Estimates now used by the Environmental Protection Agency (EPA) and independent researchers to determine greenhouse gas (GHG) emissions from upstream shale gas production likely are "significantly overstated" because they are based on assumptions that don't reflect current industry practices, according to IHS Cambridge Energy Research Associates (IHS CERA).
The energy consultant's findings were reported in "Mismeasuring Methane: Estimating Greenhouse Gas Emissions from Upstream Natural Gas Development," which was written by IHS CERA directors Mary Lashley Barcella, Samantha Gross and Surya Rajan.
"Methane emissions have become a very important and controversial issue given their potency as a greenhouse gas," said Barcella, director of North American natural gas. "Unfortunately, such emissions are not being measured. Estimates are being used that are not supported by data, do not reflect current industry practice and would be unreliable to use as a base for decision-making."
In one example, the authors cited EPA's 2010 revised estimates of methane emissions during well completion, which is the period after the well has been drilled but before it is placed into production. Current EPA methods to estimate methane emitted during this phase were based on a "small sample of wells and primarily measured methane that was captured rather than released into the atmosphere," the IHS CERA team said.
According to the report, EPA's estimates were based on two workshop presentations describing methane captured during "green completions," which are operations designed to capture as much methane as possible. EPA apparently assumed that similar levels of methane were produced at every other well in the United States and that those emissions went completely uncaptured. However, those assumptions don't conform to current industry practices, Barcella and her colleagues noted.

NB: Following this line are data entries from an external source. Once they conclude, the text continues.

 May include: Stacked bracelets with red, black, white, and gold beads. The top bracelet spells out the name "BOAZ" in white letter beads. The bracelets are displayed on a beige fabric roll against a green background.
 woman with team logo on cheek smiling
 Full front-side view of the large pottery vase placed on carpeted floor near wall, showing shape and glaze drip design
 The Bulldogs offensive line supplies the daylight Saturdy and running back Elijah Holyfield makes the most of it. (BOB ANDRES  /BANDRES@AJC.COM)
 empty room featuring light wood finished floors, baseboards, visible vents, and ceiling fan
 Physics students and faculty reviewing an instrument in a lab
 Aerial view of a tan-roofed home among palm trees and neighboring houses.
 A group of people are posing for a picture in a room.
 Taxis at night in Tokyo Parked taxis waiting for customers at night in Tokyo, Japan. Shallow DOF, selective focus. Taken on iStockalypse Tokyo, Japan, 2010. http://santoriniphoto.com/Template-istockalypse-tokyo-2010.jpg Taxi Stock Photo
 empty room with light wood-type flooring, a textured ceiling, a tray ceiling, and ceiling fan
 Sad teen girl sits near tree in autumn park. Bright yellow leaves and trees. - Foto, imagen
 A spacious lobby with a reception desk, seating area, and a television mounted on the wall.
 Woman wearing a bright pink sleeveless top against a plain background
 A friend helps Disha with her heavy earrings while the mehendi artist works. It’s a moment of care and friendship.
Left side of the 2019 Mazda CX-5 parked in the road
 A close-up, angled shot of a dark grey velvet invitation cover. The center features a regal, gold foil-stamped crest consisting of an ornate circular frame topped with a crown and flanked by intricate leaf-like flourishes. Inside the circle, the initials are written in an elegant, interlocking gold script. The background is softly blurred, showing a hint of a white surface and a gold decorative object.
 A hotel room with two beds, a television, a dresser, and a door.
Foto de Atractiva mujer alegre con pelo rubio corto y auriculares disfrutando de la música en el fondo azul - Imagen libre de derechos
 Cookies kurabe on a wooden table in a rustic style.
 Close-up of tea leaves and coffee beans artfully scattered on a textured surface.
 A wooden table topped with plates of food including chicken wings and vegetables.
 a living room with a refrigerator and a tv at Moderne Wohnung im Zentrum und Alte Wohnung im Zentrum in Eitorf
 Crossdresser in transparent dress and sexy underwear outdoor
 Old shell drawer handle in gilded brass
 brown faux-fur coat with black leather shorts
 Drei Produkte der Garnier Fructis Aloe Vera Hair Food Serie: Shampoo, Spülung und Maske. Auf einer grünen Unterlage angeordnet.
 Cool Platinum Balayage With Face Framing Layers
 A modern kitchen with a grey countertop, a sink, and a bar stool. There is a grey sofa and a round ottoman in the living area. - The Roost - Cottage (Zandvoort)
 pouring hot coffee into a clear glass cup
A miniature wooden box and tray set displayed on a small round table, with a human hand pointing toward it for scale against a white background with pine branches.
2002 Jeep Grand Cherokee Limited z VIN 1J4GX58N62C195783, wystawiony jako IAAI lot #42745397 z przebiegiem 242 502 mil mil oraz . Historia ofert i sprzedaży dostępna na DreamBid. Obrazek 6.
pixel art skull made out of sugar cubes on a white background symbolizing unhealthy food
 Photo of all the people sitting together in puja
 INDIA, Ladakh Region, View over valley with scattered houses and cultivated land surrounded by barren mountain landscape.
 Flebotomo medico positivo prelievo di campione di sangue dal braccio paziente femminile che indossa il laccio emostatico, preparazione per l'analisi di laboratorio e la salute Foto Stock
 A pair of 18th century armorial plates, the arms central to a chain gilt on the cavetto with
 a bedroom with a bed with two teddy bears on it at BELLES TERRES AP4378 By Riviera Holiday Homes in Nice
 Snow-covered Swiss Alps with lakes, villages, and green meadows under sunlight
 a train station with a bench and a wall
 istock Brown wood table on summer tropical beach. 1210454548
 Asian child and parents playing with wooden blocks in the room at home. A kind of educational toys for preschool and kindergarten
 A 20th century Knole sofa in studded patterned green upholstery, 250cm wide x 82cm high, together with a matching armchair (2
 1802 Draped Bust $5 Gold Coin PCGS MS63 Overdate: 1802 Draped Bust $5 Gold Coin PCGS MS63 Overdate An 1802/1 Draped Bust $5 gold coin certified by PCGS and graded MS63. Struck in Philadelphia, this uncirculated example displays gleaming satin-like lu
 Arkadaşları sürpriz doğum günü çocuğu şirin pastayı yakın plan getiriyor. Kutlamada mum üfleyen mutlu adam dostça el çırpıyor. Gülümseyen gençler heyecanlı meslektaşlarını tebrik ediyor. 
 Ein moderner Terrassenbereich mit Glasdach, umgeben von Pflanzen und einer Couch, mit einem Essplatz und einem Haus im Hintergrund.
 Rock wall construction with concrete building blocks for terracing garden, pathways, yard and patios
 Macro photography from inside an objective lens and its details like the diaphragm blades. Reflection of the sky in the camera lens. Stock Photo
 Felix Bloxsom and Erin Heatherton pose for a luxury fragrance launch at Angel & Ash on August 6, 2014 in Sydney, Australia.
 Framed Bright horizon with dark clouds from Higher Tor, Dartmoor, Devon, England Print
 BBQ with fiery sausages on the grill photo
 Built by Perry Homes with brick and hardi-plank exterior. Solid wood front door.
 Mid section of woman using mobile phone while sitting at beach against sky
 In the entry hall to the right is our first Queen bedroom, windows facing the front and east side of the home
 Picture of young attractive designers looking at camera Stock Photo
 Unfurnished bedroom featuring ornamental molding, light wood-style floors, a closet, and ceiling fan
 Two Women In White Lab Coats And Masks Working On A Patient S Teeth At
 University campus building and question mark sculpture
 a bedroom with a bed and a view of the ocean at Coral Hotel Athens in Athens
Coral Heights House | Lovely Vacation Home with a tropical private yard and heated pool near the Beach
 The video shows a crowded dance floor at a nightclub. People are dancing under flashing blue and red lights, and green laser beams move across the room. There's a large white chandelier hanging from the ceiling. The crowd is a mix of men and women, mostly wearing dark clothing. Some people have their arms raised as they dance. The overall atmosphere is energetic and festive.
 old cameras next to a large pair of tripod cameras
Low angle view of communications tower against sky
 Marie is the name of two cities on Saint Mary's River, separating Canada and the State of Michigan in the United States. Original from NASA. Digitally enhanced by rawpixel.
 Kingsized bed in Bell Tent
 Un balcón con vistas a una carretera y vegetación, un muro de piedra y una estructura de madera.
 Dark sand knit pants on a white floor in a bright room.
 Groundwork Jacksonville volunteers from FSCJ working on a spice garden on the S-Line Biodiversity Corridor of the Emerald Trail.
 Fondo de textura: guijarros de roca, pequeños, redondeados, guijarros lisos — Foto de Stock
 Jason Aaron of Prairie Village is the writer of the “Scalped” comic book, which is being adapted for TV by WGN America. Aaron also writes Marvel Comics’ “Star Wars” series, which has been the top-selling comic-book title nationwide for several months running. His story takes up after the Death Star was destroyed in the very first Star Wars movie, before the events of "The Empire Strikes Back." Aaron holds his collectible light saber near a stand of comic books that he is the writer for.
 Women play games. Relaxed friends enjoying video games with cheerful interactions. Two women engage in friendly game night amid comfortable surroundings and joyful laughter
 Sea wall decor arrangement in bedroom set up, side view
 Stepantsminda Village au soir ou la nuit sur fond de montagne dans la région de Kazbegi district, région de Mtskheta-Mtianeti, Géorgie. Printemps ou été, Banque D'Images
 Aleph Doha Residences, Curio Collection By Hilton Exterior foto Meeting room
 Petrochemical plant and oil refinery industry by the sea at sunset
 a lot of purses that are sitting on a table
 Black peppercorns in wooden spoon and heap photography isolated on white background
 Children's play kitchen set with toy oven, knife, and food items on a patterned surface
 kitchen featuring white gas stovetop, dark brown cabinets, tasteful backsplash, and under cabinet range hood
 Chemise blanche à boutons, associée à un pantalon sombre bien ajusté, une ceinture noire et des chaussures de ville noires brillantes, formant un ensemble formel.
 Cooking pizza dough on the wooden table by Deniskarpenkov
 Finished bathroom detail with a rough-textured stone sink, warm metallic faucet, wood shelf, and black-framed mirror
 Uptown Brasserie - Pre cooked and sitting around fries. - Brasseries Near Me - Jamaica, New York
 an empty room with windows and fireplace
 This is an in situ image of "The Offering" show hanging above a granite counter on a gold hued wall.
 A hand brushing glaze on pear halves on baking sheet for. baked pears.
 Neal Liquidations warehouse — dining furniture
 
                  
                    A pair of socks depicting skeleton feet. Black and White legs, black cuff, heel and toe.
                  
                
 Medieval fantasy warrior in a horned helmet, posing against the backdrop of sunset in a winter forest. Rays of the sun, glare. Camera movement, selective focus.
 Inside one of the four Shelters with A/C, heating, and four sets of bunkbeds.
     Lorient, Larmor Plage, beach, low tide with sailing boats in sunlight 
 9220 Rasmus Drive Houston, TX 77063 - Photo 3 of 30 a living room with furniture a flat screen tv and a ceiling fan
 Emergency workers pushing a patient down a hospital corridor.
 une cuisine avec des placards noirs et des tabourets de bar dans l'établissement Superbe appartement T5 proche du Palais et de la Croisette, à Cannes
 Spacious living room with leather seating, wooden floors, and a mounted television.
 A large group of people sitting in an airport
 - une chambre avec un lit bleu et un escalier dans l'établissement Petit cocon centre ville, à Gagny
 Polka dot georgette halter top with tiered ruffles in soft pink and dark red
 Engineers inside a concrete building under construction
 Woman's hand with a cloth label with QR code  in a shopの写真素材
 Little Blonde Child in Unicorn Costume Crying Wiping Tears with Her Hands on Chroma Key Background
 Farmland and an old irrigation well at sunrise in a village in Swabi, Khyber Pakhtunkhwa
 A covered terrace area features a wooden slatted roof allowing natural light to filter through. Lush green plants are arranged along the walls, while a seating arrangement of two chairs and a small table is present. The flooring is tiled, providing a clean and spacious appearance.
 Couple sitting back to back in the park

"The assumption that all methane recovered from these sample wells would otherwise have been flared or vented is questionable at best, given that common industry practice is to capture gas for sale as soon as it is technically feasible," said Rajan. "Gas that cannot be sold is generally flared rather than vented for safety reasons. If the methane emissions at wells were as high as some methodologies assume, you would have extremely hazardous conditions at the well site that neither regulators nor industry would permit."
Another " key mischaracterization" in EPA estimates and those in recent reports "is the assumption that wells in flowback contain methane in quantities equal to their post-completion daily production," said the authors. "This assumption results in a significant overestimation of methane emissions." Flowback is the phase of production when fluids injected into the well flow back out ahead of the tapped gas.
IHS CERA's report disputes findings made earlier this year by Cornell University, which claimed that methane emissions of flowback gas when wells were completed were high enough to increase the GHG footprint of shale and tight gas to levels that exceed those of coal (see Shale Daily, April 13). However, a follow-up study by gas industry-supported American Clean Skies Foundation challenged the Cornell claims (see Shale Daily, April 21). Separately energy consultant Wood Mackenzie also found that Cornell researchers had significantly overestimated the fugitive methane emissions from unconventional gas wells (see Shale Daily, May 11).
Basically, said the IHS CERA directors, data on unconventional gas well GHG emissions is currently lacking because the emissions haven't been adequately measured to produce estimates "with any degree of certainty."
New air emissions standards proposed by EPA last month may prove to be a more accurate method of collecting GHG data, according to the authors. In late July EPA proposed new source performance standards under the Clean Air Act that would regulate air emissions during the completion phase of hydraulically fractured gas wells (see Shale Daily, July 29). The proposed standards don't directly regulate emissions of methane or other GHGs but instead focus on sulfur dioxide and volatile organic compound emissions. However, the measures that reduce these pollutants' emissions have the additional benefit of reducing methane emissions as well, they noted.
"The proposed standards have the potential to codify good operating practice in the gas drilling industry. The data collection requirement could also provide much more reliable data on methane emissions from gas well completions, a potential benefit to all who seek to better understand GHG emissions from the industry."